Word2Vec
Synopsis
Computes word embeddings using the CONTES/Gensis implementation.
This module is experimental.
Description
Computes word embeddings using the CONTES/Gensis implementation.
Snippet
<word2vec class="Word2Vec">
<contesDir></contesDir>
<python3Executable></python3Executable>
<workers></workers>
</word2vec>
Mandatory parameters
contesDir
Root directory of CONTES.
python3Executable
Path to the Python 3 executable.
workers
Use this many worker threads to train the model (=faster training with multicore machines).
Optional parameters
additionalArguments
UNDOCUMENTED
jsonFile
File where to write embeddings as a JSON object.
modelFile
UNDOCUMENTED
txtFile
File where to write embeddings as a table.
vectorFeature
Name of the feature where to store embeddings of each token.
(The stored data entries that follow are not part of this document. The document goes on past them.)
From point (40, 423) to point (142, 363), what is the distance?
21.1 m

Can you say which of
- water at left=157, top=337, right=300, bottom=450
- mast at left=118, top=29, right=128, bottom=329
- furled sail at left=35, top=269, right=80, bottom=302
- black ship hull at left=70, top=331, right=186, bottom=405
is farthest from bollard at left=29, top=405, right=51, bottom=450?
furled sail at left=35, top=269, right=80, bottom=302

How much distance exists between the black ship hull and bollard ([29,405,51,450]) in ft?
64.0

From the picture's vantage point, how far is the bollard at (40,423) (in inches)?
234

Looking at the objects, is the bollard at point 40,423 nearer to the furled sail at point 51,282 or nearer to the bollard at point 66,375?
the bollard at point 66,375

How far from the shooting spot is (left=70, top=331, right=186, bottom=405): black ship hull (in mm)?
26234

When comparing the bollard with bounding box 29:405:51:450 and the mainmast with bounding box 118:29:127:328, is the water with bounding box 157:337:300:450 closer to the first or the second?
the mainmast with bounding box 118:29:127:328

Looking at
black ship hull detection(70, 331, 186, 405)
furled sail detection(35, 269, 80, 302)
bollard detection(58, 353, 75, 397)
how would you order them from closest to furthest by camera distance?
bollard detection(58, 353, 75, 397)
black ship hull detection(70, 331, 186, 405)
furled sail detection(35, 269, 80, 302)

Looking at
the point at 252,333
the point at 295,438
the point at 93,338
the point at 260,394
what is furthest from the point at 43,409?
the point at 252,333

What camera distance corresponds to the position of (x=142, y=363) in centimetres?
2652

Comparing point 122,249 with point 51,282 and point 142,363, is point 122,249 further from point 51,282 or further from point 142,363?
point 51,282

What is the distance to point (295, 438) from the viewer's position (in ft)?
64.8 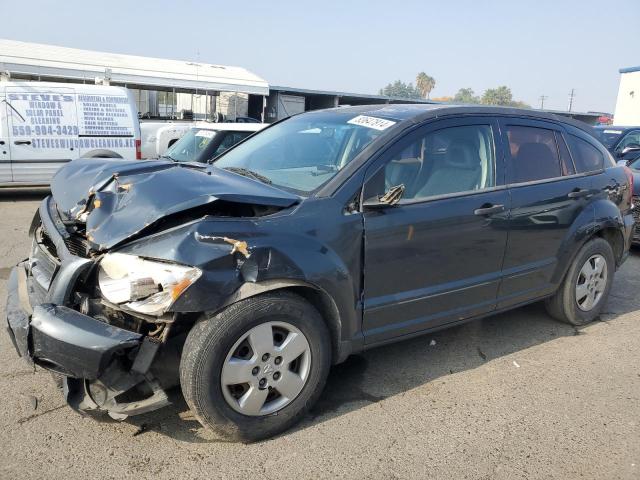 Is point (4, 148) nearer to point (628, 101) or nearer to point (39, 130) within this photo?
point (39, 130)

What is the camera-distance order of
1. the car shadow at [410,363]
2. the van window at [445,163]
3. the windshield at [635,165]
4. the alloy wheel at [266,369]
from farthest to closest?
the windshield at [635,165], the van window at [445,163], the car shadow at [410,363], the alloy wheel at [266,369]

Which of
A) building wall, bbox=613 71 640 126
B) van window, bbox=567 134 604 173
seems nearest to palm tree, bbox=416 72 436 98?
building wall, bbox=613 71 640 126

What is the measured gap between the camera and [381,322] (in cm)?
310

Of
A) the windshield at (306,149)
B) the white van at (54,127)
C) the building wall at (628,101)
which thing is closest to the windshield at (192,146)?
the white van at (54,127)

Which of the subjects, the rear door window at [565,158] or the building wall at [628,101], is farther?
the building wall at [628,101]

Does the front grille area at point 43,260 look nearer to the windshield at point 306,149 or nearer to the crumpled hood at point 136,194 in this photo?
the crumpled hood at point 136,194

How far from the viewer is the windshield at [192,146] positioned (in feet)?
26.2

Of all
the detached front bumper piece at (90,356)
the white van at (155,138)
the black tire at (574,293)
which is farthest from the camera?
the white van at (155,138)

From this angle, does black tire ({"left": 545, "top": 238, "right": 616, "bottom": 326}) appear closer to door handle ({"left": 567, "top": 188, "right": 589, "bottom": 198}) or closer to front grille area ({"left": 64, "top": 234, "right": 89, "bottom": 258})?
door handle ({"left": 567, "top": 188, "right": 589, "bottom": 198})

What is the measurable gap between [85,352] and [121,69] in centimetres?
2067

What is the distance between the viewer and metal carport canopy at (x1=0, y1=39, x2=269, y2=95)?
58.2 feet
If this parameter is not set, then embeddings are not stored in any feature.
documentFilter
Only process document that satisfy this expression.
formFeature
Feature to use as word form.
minCount
UNDOCUMENTED
sectionFilter
Process only sections that satisfy this expression.
sentenceLayer
Name of the layer containing sentence annotations.
tokenLayer
Name of the layer containing token annotations.
vectorSize
The dimensionality of the feature vectors. Often effective between 100 and 300.
windowSize
The maximum distance between the current and predicted word within a sentence.
Deprecated parameters
formFeatureName
Deprecated alias for formFeature .
sentenceLayerName
Deprecated alias for sentenceLayer .
tokenLayerName
Deprecated alias for tokenLayer .
vectorFeatureName
Deprecated alias for vectorFeature .